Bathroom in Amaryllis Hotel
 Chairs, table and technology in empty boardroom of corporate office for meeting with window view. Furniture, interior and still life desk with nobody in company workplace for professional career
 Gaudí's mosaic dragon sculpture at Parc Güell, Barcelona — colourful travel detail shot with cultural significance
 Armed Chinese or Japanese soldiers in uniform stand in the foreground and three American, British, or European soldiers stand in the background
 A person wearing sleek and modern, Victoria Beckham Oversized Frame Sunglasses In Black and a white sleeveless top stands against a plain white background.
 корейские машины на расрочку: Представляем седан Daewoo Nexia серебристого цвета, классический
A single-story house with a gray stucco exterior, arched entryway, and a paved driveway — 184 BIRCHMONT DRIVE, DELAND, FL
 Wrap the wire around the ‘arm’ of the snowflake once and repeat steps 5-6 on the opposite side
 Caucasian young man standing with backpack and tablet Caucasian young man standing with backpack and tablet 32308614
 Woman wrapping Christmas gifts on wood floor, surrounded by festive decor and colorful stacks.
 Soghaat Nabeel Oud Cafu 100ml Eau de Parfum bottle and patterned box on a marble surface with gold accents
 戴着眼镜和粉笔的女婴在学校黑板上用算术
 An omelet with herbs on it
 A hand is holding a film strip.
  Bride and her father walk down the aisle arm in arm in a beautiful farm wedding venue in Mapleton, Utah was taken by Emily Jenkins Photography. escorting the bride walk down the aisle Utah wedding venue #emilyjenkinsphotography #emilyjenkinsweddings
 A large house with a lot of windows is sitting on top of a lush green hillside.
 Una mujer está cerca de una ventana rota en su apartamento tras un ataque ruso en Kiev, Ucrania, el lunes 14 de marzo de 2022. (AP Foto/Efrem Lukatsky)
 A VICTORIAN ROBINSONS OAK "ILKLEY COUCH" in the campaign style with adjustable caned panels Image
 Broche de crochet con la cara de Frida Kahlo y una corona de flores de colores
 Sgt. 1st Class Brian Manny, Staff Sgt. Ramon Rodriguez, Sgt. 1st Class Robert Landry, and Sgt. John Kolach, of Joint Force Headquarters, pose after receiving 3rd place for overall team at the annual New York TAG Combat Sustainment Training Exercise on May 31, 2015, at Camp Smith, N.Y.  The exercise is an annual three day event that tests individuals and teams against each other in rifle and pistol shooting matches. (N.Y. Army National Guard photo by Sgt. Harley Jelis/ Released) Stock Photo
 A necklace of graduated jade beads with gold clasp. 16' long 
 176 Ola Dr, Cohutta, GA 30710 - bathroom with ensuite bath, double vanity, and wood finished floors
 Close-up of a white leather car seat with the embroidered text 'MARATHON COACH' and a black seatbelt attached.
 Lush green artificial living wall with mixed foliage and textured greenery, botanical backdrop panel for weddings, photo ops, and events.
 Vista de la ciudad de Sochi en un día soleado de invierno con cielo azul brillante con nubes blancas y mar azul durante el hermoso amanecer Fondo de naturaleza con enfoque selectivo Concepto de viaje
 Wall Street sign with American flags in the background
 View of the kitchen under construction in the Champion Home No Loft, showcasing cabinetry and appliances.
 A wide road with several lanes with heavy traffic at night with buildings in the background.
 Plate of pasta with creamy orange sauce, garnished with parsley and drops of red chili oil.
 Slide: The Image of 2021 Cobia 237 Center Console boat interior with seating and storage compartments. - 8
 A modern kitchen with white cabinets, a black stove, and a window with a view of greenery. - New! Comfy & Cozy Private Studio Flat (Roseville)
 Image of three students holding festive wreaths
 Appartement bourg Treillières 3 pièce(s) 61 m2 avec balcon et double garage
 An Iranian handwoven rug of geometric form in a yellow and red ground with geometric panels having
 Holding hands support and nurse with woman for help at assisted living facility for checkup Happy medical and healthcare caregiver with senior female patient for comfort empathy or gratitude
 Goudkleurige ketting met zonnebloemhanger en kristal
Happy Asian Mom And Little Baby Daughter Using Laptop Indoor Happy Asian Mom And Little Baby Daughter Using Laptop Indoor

—————

• HOW TO COMPLETE THIS TASK:
Reproduce, exactly and without additions, the run of lines from the start of the listing above to the line bearing "A large house", inclusive.

• TASK RESPONSE:
Bathroom in Amaryllis Hotel
 Chairs, table and technology in empty boardroom of corporate office for meeting with window view. Furniture, interior and still life desk with nobody in company workplace for professional career
 Gaudí's mosaic dragon sculpture at Parc Güell, Barcelona — colourful travel detail shot with cultural significance
 Armed Chinese or Japanese soldiers in uniform stand in the foreground and three American, British, or European soldiers stand in the background
 A person wearing sleek and modern, Victoria Beckham Oversized Frame Sunglasses In Black and a white sleeveless top stands against a plain white background.
 корейские машины на расрочку: Представляем седан Daewoo Nexia серебристого цвета, классический
A single-story house with a gray stucco exterior, arched entryway, and a paved driveway — 184 BIRCHMONT DRIVE, DELAND, FL
 Wrap the wire around the ‘arm’ of the snowflake once and repeat steps 5-6 on the opposite side
 Caucasian young man standing with backpack and tablet Caucasian young man standing with backpack and tablet 32308614
 Woman wrapping Christmas gifts on wood floor, surrounded by festive decor and colorful stacks.
 Soghaat Nabeel Oud Cafu 100ml Eau de Parfum bottle and patterned box on a marble surface with gold accents
 戴着眼镜和粉笔的女婴在学校黑板上用算术
 An omelet with herbs on it
 A hand is holding a film strip.
  Bride and her father walk down the aisle arm in arm in a beautiful farm wedding venue in Mapleton, Utah was taken by Emily Jenkins Photography. escorting the bride walk down the aisle Utah wedding venue #emilyjenkinsphotography #emilyjenkinsweddings
 A large house with a lot of windows is sitting on top of a lush green hillside.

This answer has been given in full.